━━ PROVIDED DATA ━━

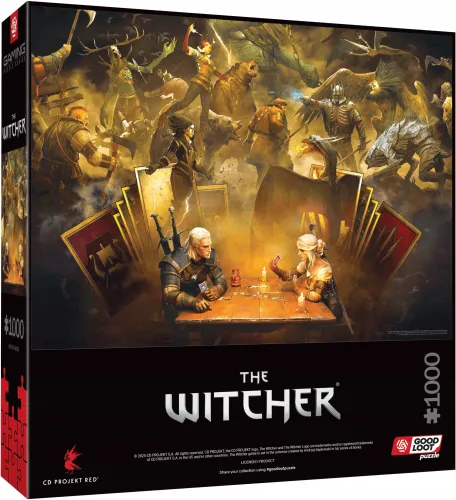 Puzzle Good Loot Wiedźmin 1000 elementów Puzzle Gaming The Witcher Wiedźmin na Arena.pl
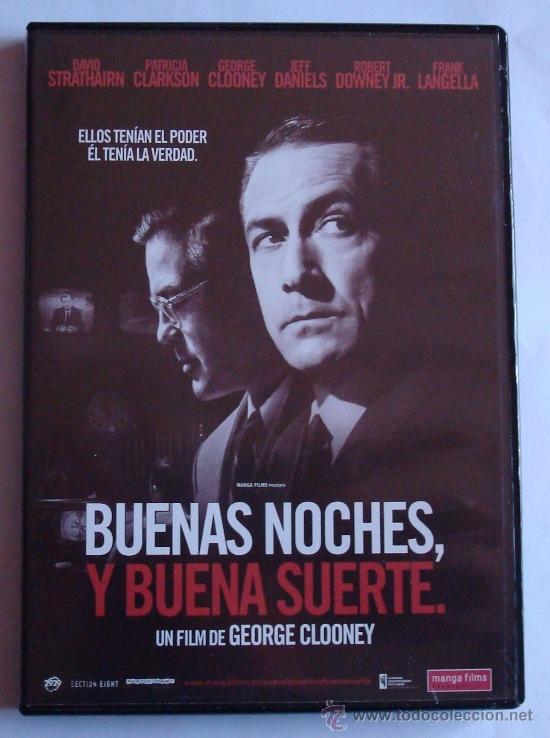 Cin&eacute;ma: BUENAS NOCHES,Y BUENA SUERTE -GEORGE CLOONEY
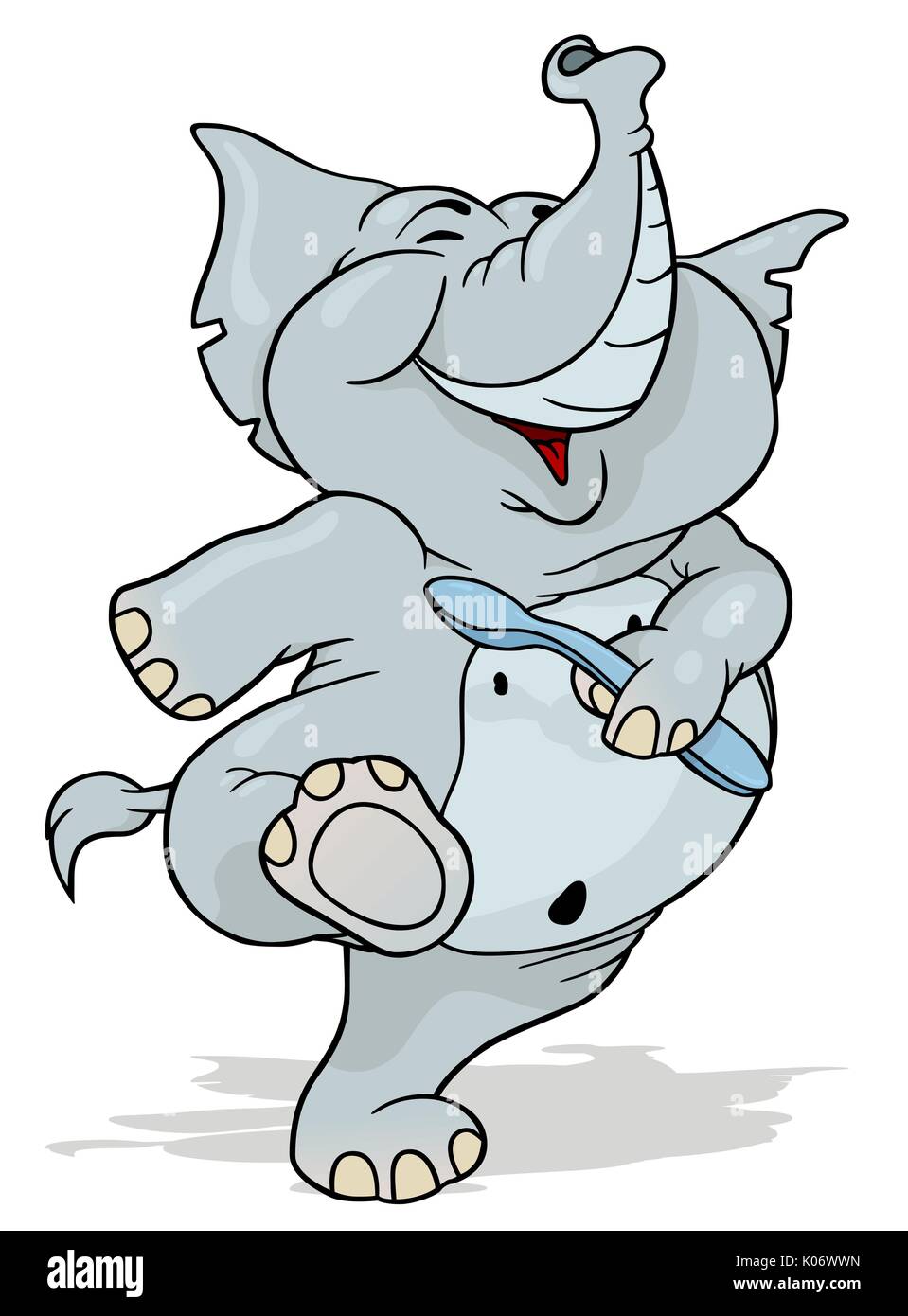 Happy Dancing Elephant Stock Vector Image & Art - Alamy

━━━

ACTIVITY: For this exercise, transcribe the data exactly but without its pictures.

ANSWER BOX:
 Puzzle Good Loot Wiedźmin 1000 elementów Puzzle Gaming The Witcher Wiedźmin na Arena.pl
 Cin&eacute;ma: BUENAS NOCHES,Y BUENA SUERTE -GEORGE CLOONEY
 Happy Dancing Elephant Stock Vector Image & Art - Alamy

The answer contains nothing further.